AIM OF THE TASK: Retype the entries below word for word, leaving out every picture.

Stored data:
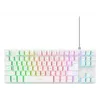 Mechaninė tenkeyless žaidimų klaviatūra TRUST GXT 833W Thado TKL — USB, QWERTY US, RGB, Balta, 87 klavišai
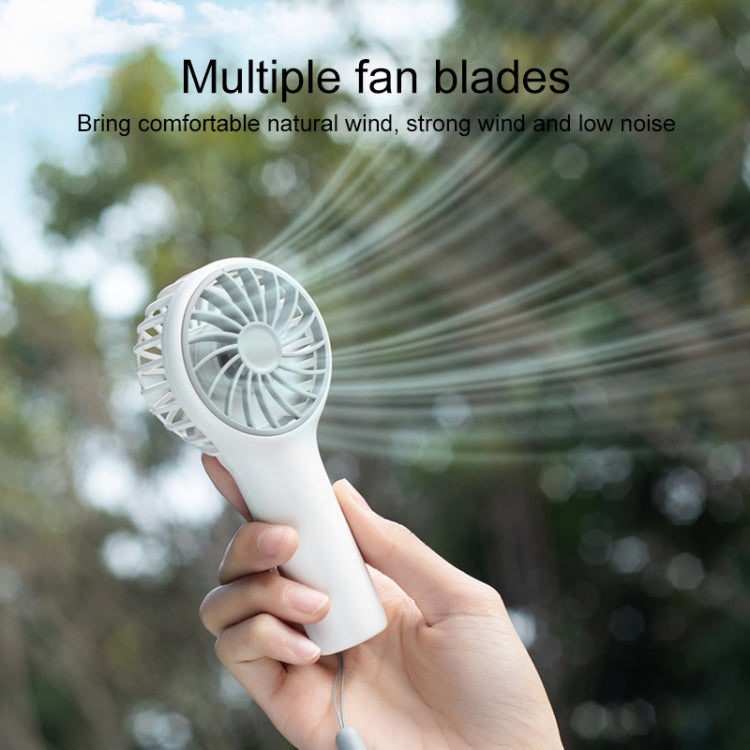 N605 Handheld Type-C Charging Portable Small Fan(White) by buy2fix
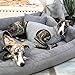 4L Textil Hundebett große Hunde Grau Hundebett abwaschbar Hundekorb große Hunde Hundekissen XL Hundekörbchen flauschig Hundesofa (120x100 cm, Dunkelgrau)
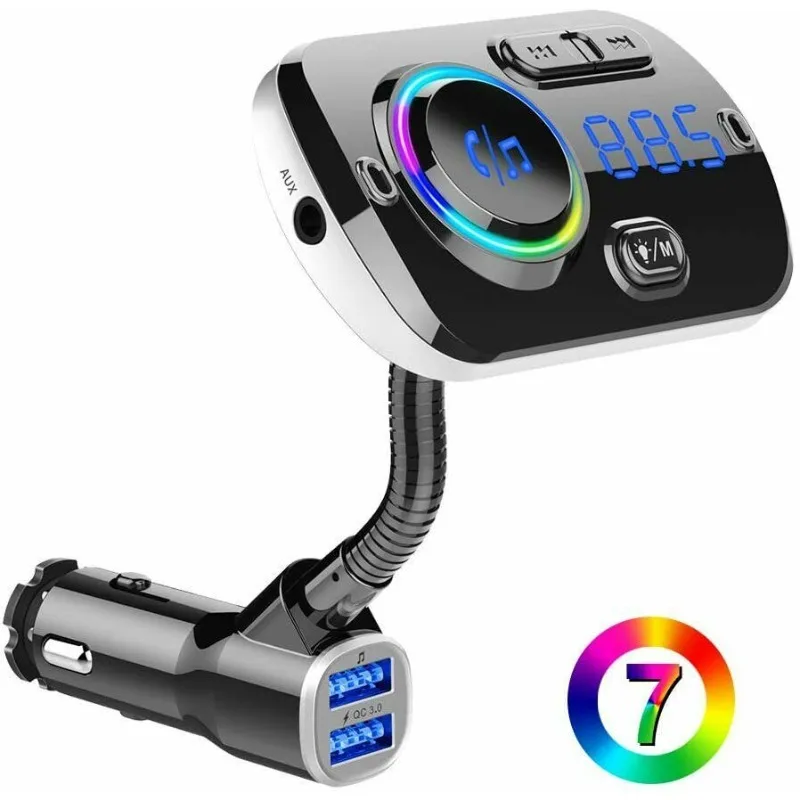 BC49AQ Car Mp3 Player Bluetooth Hands-free Call Colorful Atmosphere Light QC3.0 Fast Charging Car Mp3
BC49AQ Car Mp3 Player Bluetooth Hands-free Call Colorful Atmosphere Light QC3.0 Fast Charging Car Mp3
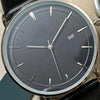 Black Strap & Creative Dial Pair Watch With Date Option For Men's And Womens Best Gift For Valentine's Day 8765 | 24hours.pk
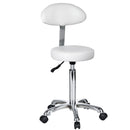 SGABELLO ESTETISTA CON SCHIENALE MANICURE CENTRO ESTETICO WEELKO 1023AB2 FAST+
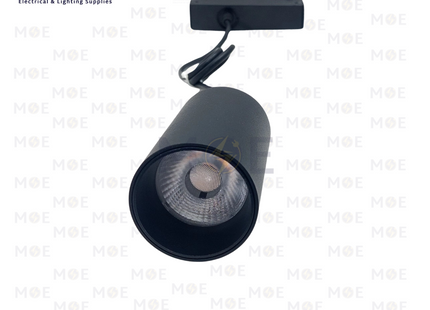 Cuperlight LED Magnetic Track Light Head Spot Pendant Black WarmWhite 6x10cm 0.75mt 12W | CU3512DX1 | سبوت ليد تنزيلة سكة مغناتيك اسود ورم وايت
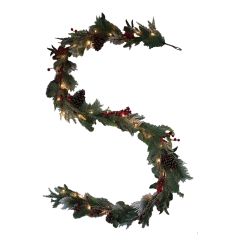 Prelit Christmas Garland - 9'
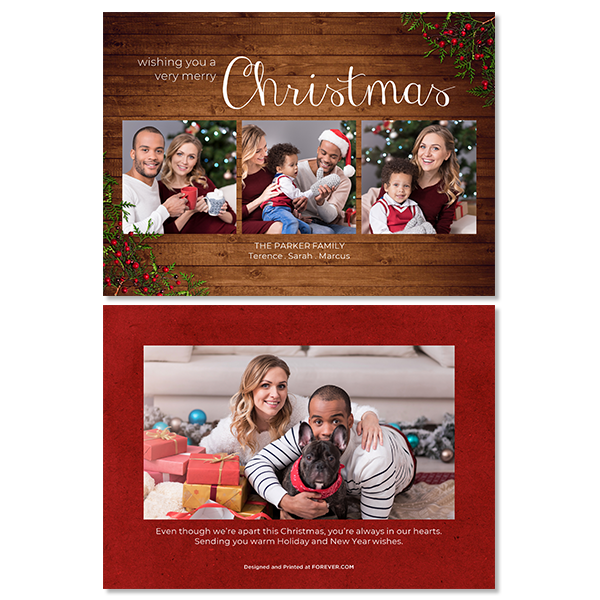 Berry Merry Christmas Card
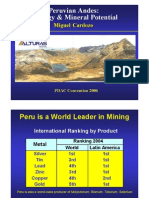 Edades y Correlación de Depósitos Minerales Perú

SOLVED PROBLEM:
 Mechaninė tenkeyless žaidimų klaviatūra TRUST GXT 833W Thado TKL — USB, QWERTY US, RGB, Balta, 87 klavišai
 N605 Handheld Type-C Charging Portable Small Fan(White) by buy2fix
 4L Textil Hundebett große Hunde Grau Hundebett abwaschbar Hundekorb große Hunde Hundekissen XL Hundekörbchen flauschig Hundesofa (120x100 cm, Dunkelgrau)
 BC49AQ Car Mp3 Player Bluetooth Hands-free Call Colorful Atmosphere Light QC3.0 Fast Charging Car Mp3
BC49AQ Car Mp3 Player Bluetooth Hands-free Call Colorful Atmosphere Light QC3.0 Fast Charging Car Mp3
 Black Strap & Creative Dial Pair Watch With Date Option For Men's And Womens Best Gift For Valentine's Day 8765 | 24hours.pk
 SGABELLO ESTETISTA CON SCHIENALE MANICURE CENTRO ESTETICO WEELKO 1023AB2 FAST+
 Cuperlight LED Magnetic Track Light Head Spot Pendant Black WarmWhite 6x10cm 0.75mt 12W | CU3512DX1 | سبوت ليد تنزيلة سكة مغناتيك اسود ورم وايت
 Prelit Christmas Garland - 9'
 Berry Merry Christmas Card
 Edades y Correlación de Depósitos Minerales Perú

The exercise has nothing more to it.